# Task directions:
Your answer should reproduce every line of the material in which the word "from" occurs.

# Material for the task:
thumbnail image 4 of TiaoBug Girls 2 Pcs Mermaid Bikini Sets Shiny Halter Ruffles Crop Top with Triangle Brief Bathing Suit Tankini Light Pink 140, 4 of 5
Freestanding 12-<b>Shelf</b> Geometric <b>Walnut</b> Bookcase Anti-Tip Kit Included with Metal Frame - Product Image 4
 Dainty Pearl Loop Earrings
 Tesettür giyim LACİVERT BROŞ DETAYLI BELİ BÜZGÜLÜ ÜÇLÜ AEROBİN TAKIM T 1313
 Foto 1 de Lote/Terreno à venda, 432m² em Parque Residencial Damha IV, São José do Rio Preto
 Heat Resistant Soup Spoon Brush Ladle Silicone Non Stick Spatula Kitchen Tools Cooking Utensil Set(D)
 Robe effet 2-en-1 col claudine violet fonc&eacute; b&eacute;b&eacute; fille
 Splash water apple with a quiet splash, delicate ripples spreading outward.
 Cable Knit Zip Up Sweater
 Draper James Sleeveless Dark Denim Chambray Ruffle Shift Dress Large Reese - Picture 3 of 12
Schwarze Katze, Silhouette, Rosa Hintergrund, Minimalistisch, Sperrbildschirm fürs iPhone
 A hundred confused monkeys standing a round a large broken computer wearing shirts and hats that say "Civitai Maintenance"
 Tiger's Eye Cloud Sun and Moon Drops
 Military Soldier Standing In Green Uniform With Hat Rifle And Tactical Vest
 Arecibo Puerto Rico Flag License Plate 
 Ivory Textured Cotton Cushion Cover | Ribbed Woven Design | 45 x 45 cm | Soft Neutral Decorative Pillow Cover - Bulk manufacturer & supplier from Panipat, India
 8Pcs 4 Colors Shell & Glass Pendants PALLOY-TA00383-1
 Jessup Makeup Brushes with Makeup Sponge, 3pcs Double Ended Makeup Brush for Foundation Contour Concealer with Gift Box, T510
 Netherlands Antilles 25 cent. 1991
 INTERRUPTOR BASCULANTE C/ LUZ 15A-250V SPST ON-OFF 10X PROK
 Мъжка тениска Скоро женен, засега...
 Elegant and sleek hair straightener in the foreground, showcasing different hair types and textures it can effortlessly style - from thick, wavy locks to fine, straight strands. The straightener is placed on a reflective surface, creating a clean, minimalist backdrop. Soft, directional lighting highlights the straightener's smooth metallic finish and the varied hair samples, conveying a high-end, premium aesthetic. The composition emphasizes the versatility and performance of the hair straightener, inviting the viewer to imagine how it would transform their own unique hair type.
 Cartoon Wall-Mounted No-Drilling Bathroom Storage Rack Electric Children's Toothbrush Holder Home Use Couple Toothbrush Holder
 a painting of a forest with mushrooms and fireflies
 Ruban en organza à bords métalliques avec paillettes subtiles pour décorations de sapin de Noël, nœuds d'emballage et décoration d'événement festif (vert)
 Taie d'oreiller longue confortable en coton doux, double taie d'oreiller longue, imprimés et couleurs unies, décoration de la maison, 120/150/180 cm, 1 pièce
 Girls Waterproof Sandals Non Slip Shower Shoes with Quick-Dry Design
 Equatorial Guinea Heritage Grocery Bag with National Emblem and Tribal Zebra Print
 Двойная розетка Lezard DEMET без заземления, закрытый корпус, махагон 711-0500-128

# Exercise output:
 Ivory Textured Cotton Cushion Cover | Ribbed Woven Design | 45 x 45 cm | Soft Neutral Decorative Pillow Cover - Bulk manufacturer & supplier from Panipat, India
 Elegant and sleek hair straightener in the foreground, showcasing different hair types and textures it can effortlessly style - from thick, wavy locks to fine, straight strands. The straightener is placed on a reflective surface, creating a clean, minimalist backdrop. Soft, directional lighting highlights the straightener's smooth metallic finish and the varied hair samples, conveying a high-end, premium aesthetic. The composition emphasizes the versatility and performance of the hair straightener, inviting the viewer to imagine how it would transform their own unique hair type.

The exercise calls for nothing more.